Here’s a post on another blog that talks about Christian missionary work in Thailand. Techniques for converting the Thais include scare-mongering and emotional blackmail.
Update: Here’s one more — “Buddhist migrants pressured to convert to Christianity.” I bet they’re not as aggressive with the Muslims.
I wish some of these deadheads would stop and think how they would feel if some group representing another religion tried the same tricks on them, or on other Christians. Do unto others, etc.
Ah, Christianity and Islam just never seem to wise up, after all the centuries – at least some of their proponents.
I thought the sorting between heaven and hell didn’t happen until the rapture. At least that’s what I learned when I was in church. Admittedly, I haven’t seen the inside of a church in many a year, but the bible doesn’t change all that much.
From the one post I read, Amy seemed like a decent enough person. Until, of course, she had to comment on monks living a lie and going to hell when they die. Creeps me out, like watching Rosemary’s Baby or something. I keep expecting to hear the freaky, discordant music and a high, too-knowing lilt of a young girl singing in a mocking voice: “La, la-la, la-laaaaaa-la….”
I like to think that God and I get along very well, it’s the people who associate with him that I don’t like.
That monk isn’t in hell yet..He’s probably still in purgatory. Doesn’t Amy know that she can buy a mass card when she returns to the states, and have him prayed into heaven? If she really cares? Jesus is so good!
Please don’t malign DeadHeads that way. I was never one, but some of my friends were.

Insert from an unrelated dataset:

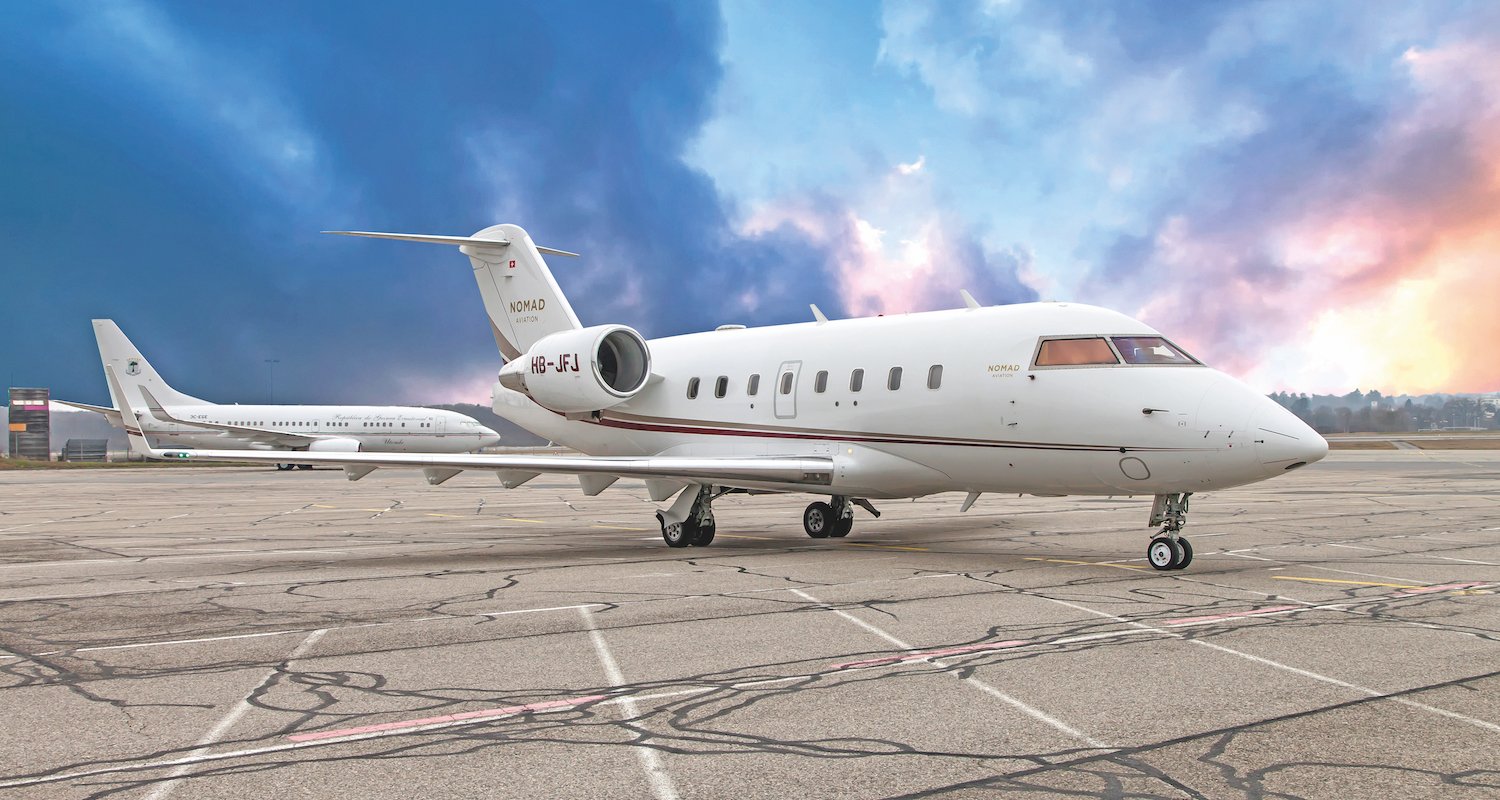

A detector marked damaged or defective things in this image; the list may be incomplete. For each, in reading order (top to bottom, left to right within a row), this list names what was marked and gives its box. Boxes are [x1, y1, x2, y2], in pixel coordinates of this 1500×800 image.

cracked asphalt [0, 453, 1494, 792]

Several years ago I ran into a Christian Korean guy in Seattle who was there to convert Americans. He said that
America and American Christianity had seriously gone off track and was in need of converting. I’m sure most Thais dealt with the ‘missionary’ the same way we deal with Hari Krishna people, speaking of which, I haven’t seen them recently, what happened to all of the Hari Krishna people?
Nope, Swami, that’s the Catholic version- North American Evangelical Protestantism is usually about personally accepting Jesus as your personal saviour before you die- that or Hell.

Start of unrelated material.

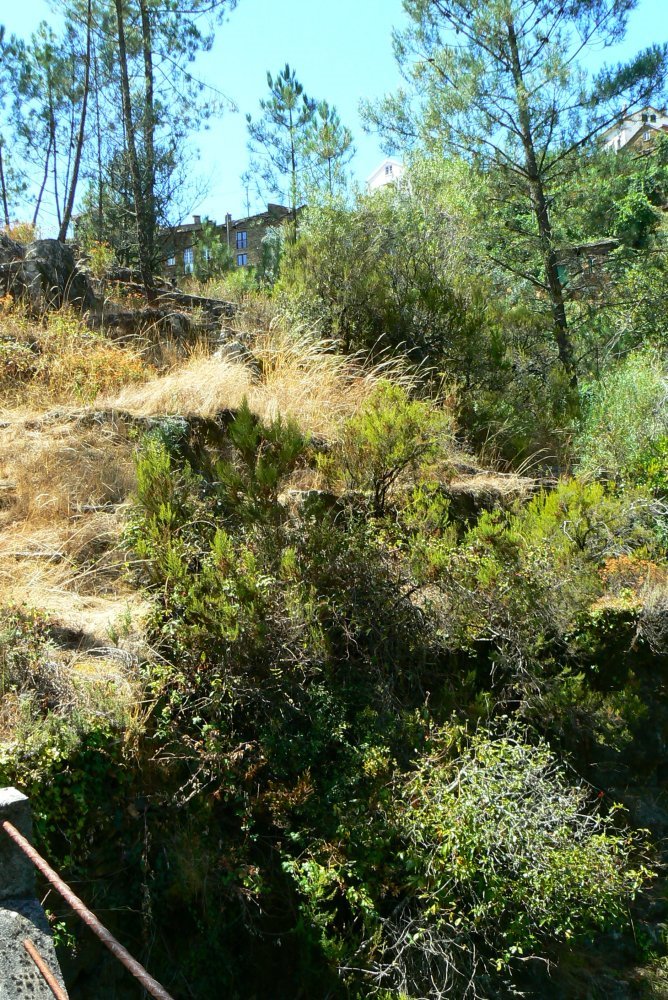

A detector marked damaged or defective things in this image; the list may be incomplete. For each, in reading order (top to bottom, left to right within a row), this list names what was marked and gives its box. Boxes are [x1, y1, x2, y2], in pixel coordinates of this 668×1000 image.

rusty metal pipe [22, 936, 68, 1000]
rusty metal pipe [2, 820, 174, 1000]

Holy crap. Missed this post yesterday, but I will try to make up for lost time and pray extra extra hard for those missionaries to get some much-needed… humility and perspective.
I think I know why Jesus wept.
The sad thing is that this is not at all unusual – very much a plain vanilla “compassion for the unsaved” story we’ve all heard thousands of times.
Luckily most of the farangs I’ve met in Chiang Mai (we’ve been there for several months the last 2 years and are going back for several more this year) are not Christian mission types, and many express distaste at those who are. I’ve several times heard people talking about them negatively specifically because of the way they lie to Thais about themselves, about the Thais and the way they live, or about Christianity.
“I wish some of these deadheads would stop and think”
HEY! As a thinking deadhead myself, Maha, perhaps you could have selected a more politic way of phrasing this. 😉
Lord that missionary blog is clueless and annoying. I’ll cut her some slack because it seems she’s only 22 (who wasn’t a self important idiot at that age?) but really this sort of thing has gotta stop:
“Last week we finished up learning about Buddhism. It is amazing how my mindset has changed since the beginning of the week. At first, it was very intimidating to share the gospel with Buddhist. I kept waiting for a time when they would get angry or argumentitive with us, but that was never the case. I realized right away how hopeless the people feel in Buddhism. They do not have a relationship with God like we do, and they long for that.”